Ordinarily, the dominant narrative wouldn’t permit discussion, let alone advise from outsiders to Uncle Sam on how to run his affairs because after all, he has been the imperial power for over a century now.
But events of the past decade seem to point towards the need for the US to have deeper self reflection, if the empire is to last another twenty years at the helm of world leadership. It is already being effectively challenged by China, irrespective of what their leaders say.
Without being flippant it has been gratifying, perhaps poetic justice that as Trump and members of Congress lambasted China over passing security legislation for Hong Kong, than US cities exploded in a racial fireball.
Had the People’s Liberation Army been deployed on the streets of Hong Kong, there is no betting what the US and its yellow dogs in Europe would be saying, considering that the legislation has enlisted blacklisting trade with China, and threatening more sanctions.
National security is the foundation for any country’s survival and therefore enacting legislation should be a nation’s sacrosanct sovereignty. No country, small or big, poor or rich should turn a blind eye to illegal acts that may jeopardize its security, stability and development.
In 1917, when America was faced with World War I it enacted the Espionage Act to prohibit interference with military operations, recruitment, prevent insubordination in the military and stop support to US enemies. It also enacted the Selective Services Act to conscript four million men into the military.
It is therefore amazing to see the US and European countries opt for different standards when it comes to China using its parliament to enact a law to confront similar situations of distabilisaton in Hong Kong.

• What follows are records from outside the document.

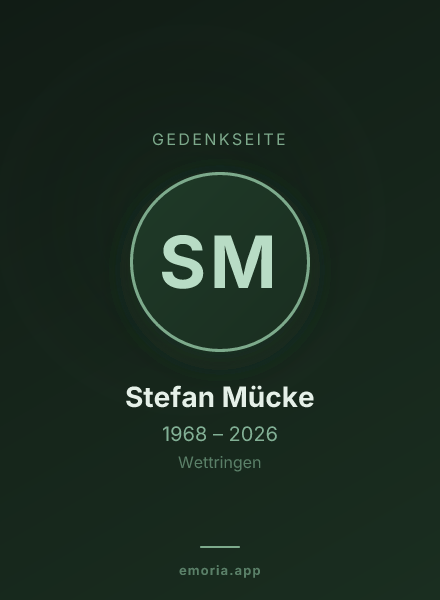 Gedenkportrait von Stefan Mücke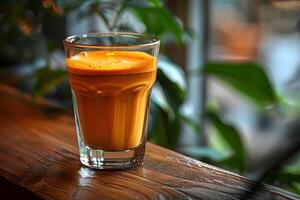 Fresh Carrot Juice in a Glass, Healthy Refreshment on Wooden Table with Green Plants in Background photo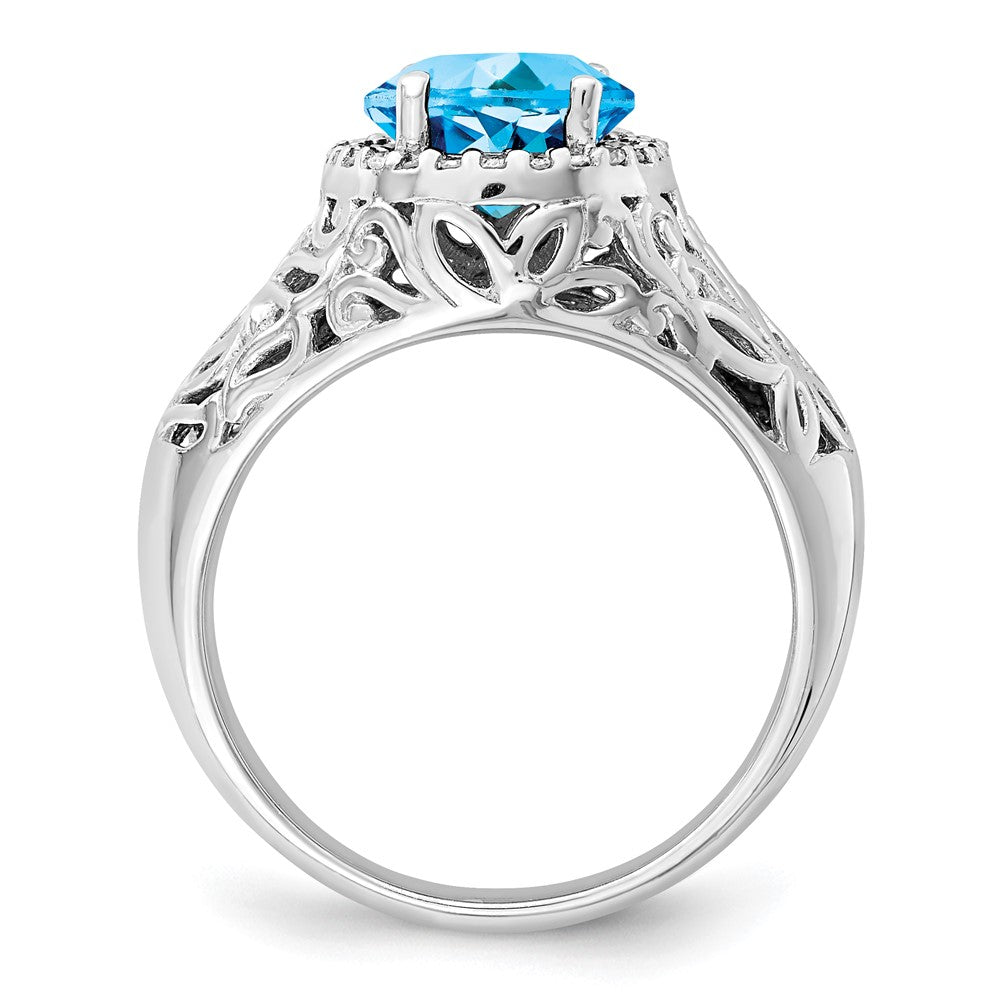 Sterling Silver Rhodium Swiss Blue Topaz & Diamond Ring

It is now almost three decades since Britain returned HK to China in 1997 as a Special Administrative Region (SAR) and surely a long time that warrants review of laws governing its relations with mainland China. Britain seized HK on 25 January 1841 when China was forced to cede the island in the treaty of Nanjing signed on 20 august 1642 ending the first Opium war, and HK became a Crown Colony of the British Empire. Britain then lost HK to Japan during the Second World War but regained it in 1945 upon the latter’s defeat by the Allied forces.

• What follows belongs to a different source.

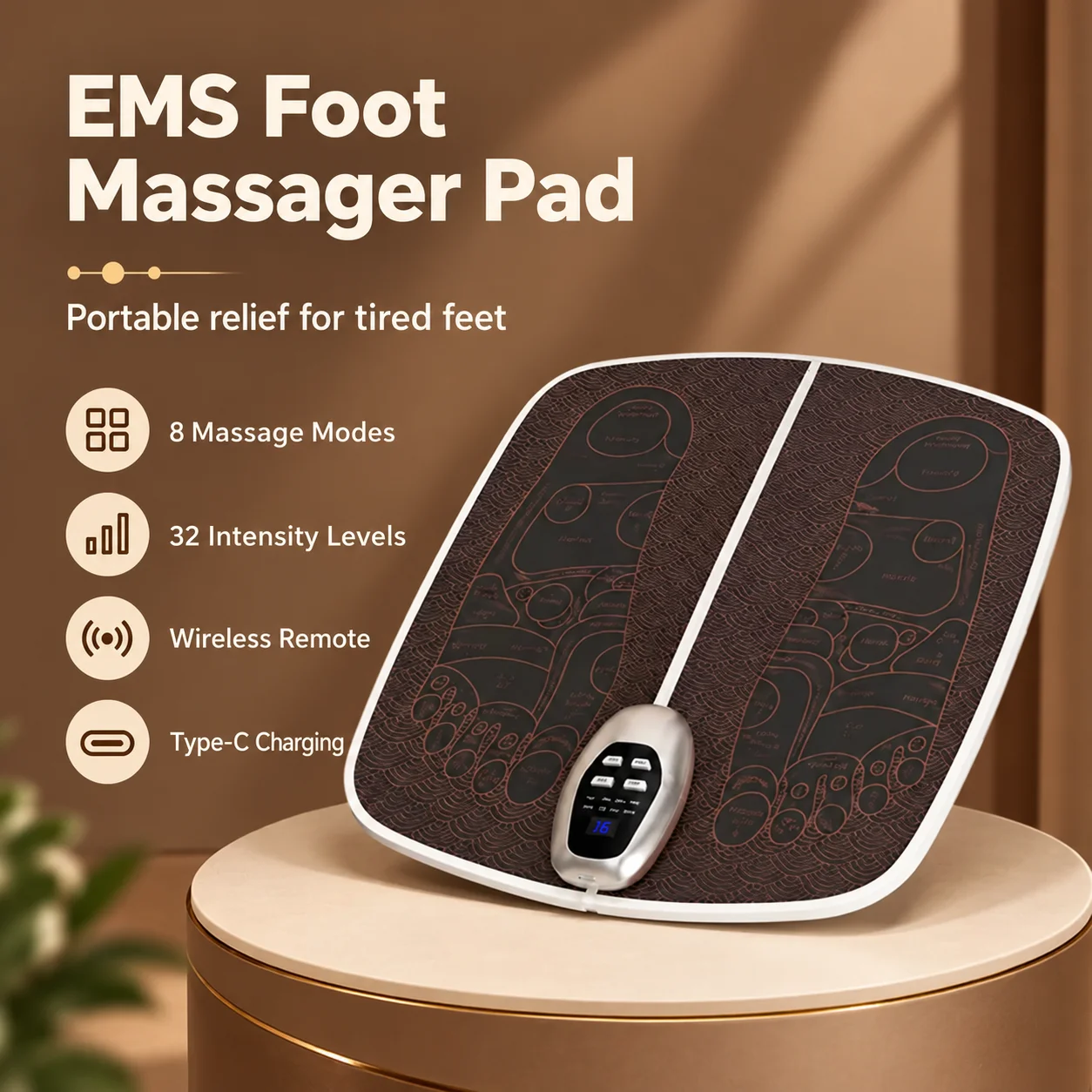 EMS Pulse Foot Massagers Pads 8 Modes 32 Intensity Levels For Massage Care Pads With Microcurrent Electric Foot Relaxation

But it appears that imperialist forces kicked out of HK are staging rearguard action to keep HK as unguarded frontier for infiltration, sabotage, subversion, destabilization, secession and eventual dismantling of China as they did the former Soviet Union. Failing in that objective, the West through is media propaganda outlets is trying to reconstruct the Tiananmen Square narrative of 31 years ago hoping to stoke flames of resistance in HK. Demonstrators seeking justice and equality mixed with those breaking shop glass panes and looting on US streets are called hoodlums, while the same mixture in HK are described as pro-democracy seekers.

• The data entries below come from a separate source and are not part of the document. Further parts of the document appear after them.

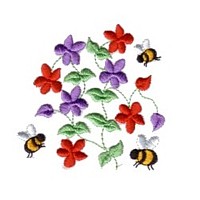flowers and bees machine embroidery design fun bumble bees summer art pes hus dst needle passion embroidery npe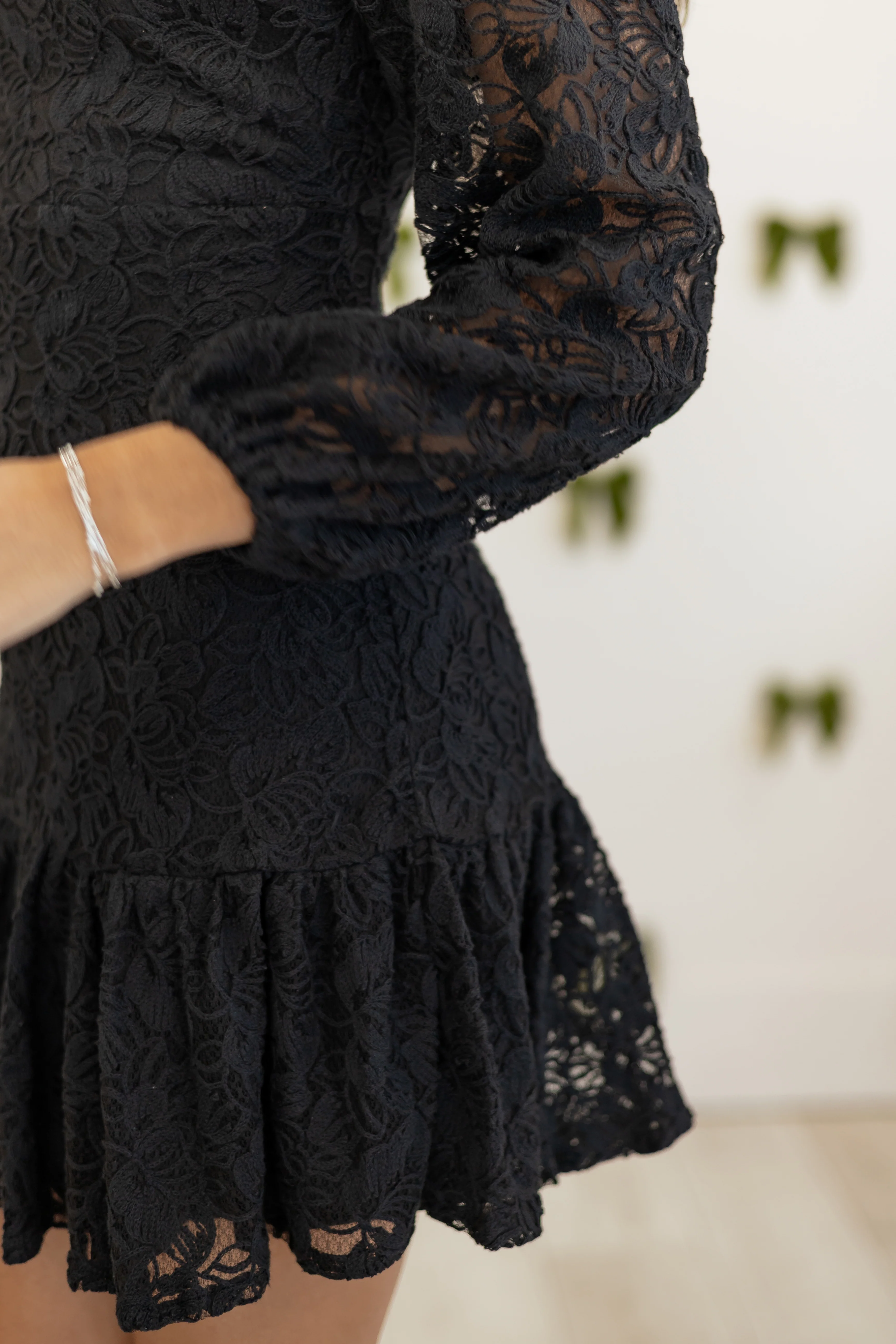 Black Floral Lace Long Sleeve Ruffle Hem Mini Dress - Image 12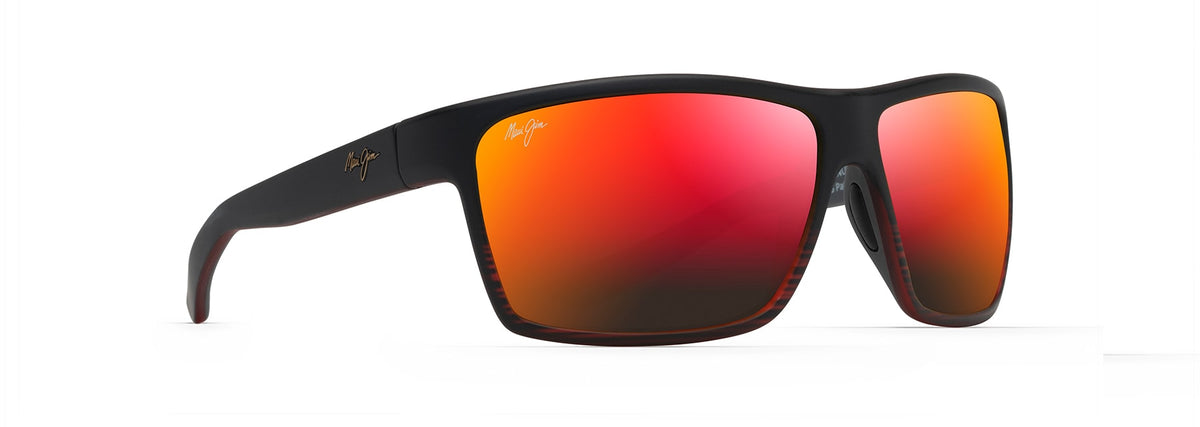 Maui Jim Alenuihaha sunglasses in Burgundy Stripe, angled view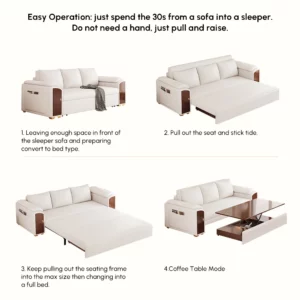 Pull Out Leather Sofa Bed Convertible Sleeper with Lift-top Coffee Table - Image 5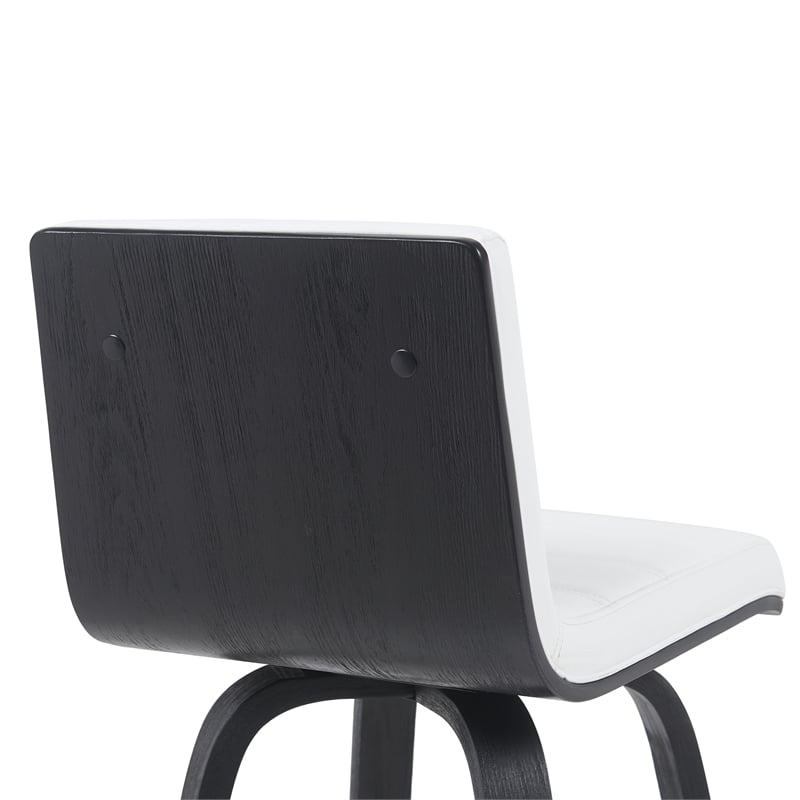 Vienna Counter Height Swivel Bar Stool w/ Snow White Faux Leather/Black-Set of 4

The troublemakers in HK shouldn’t be allowed to openly collude with foreign anti-China forces. The “Hong Kong independence” separatists shouldn’t be left unchecked. The extremists shouldn’t have a free pass to commit violent acts of intimidation, arson and vandalism as they have done in the past.
China’s central government holds the primary responsibility for upholding the constitutional order in the HKSAR, and ensuring full and faithful implementation of its “One Country, Two Systems” for the peaceful existence and prosperity of China. It is scary if the West were to succeed in breaking up China and those billions of people left on their own to roam the world. The US and its Europeans already caused enough and still unresolved turmoil in the Middle East and Arab world.
Members of the international community need to abide by principles of international law and norms governing international relations, including mutual respect for sovereignty and territorial integrity and non-interference. The US and its allies in Europe failed to stop the communists from winning the war and establishing the People’s Republic of China in 1949. The West also failed to halt China’s development into a vibrant country of 1.44bn people during the Cold War and it’s unlikely they can succeed today.